Train drivers, also known as locomotive engineers, are responsible for the operation of trains that carry passengers or cargo. They work for passenger, commuter, urban transit and freight trains and may drive diesel-electric or battery-operated locomotives. According to the Bureau of Labour Statistics, there were 51,100 train drivers employed in the United States in 2008. Average growth is expected in the field, as many engineers are likely to retire or leave the occupation in the coming years.
Before a trip, train drivers inspect the condition of locomotives. They fix any minor issues and record problems that require further work. If there is a serious issue, they send the locomotive for repairs. Engineers may also add cars to the train before departure to accommodate larger cargo or passenger loads. Once the train is moving, drivers are responsible for controls like air brakes and throttles. They must also keep an eye on the train's speed, air pressure, battery charge and amperage. Train drivers must be aware of the train's route as well and monitor the train's condition and composition because it may be affected by the number of cars, the rail's condition and the weight of its load. A train driver's job has been changed by advances in technology, as much of the information that is required to operate locomotives is now communicated to him by telephone or computer. They may even be made aware of locomotive malfunctions by a computerised alert system.

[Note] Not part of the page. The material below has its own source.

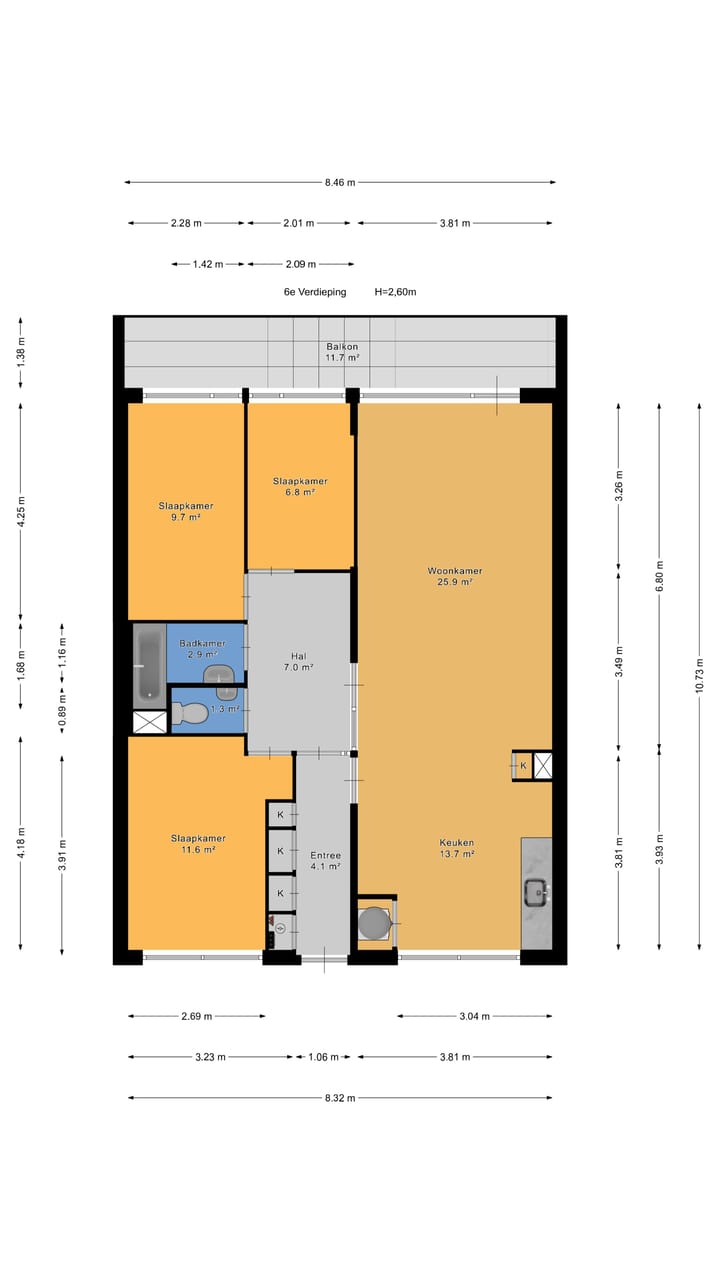 Foto 50 van Dunantstraat 242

All train drivers must be licensed by the federal government. This requires the completion of a formal engineer training course, which provides students with classroom instruction and practical experience in locomotive operation. After completing a training program, a potential train driver must pass a hearing and vision test, as well as a background check. He/she must also pass a written exam that tests railroad operation knowledge and a practical exam that requires demonstration of his skills. To maintain their licenses, train drivers must pass periodic tests on operational rules and efficiency. They are not alerted as to when the test will occur and must act or respond to certain scenarios as they would on the job.

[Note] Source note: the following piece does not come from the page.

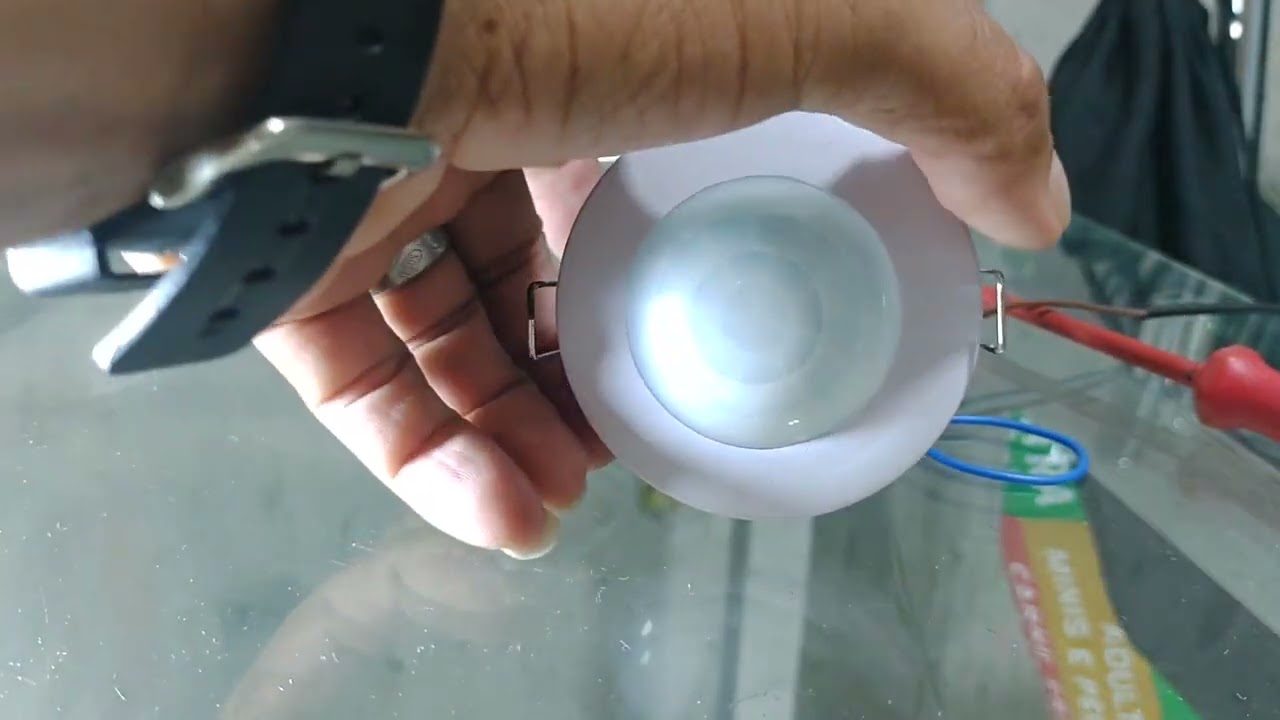 sensor de presença ESP 360 E como instalar  corretamente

Trains run at all hours, so drivers often work nights, early mornings, weekends and holidays. Their work weeks are often longer than 40 hours, but there are federal laws regarding necessary rest times for train crews. Experienced drivers are usually given better schedules than junior staff.
According to the Bureau of Labour Statistics, median hourly wages for train drivers were £14.60 as of May 2008. Like most railroad transportation workers, train drivers are often paid by miles travelled or hours worked, whichever means higher wages. Train driver salaries are often affected by location and seniority. Many drivers also belong to the Brotherhood of Locomotive Engineers and Trainmen Union, which impact wages as well.
The Bureau of Labour Statistics estimates that employment for train drivers will increase by 10 per cent between 2008 and 2018, which is about as fast a rate as the average for all occupations. Job growth will mainly be due to rising fuel costs, which will make rail transportation a more attractive option for both freight and passenger transport. In addition, the Rail Safety Improvement Act of 2008 may generate more opportunities for train drivers because the law has increased the number of hours that train workers must rest between shifts. As a result, larger staffs may be needed, so qualified candidates should find engineering openings.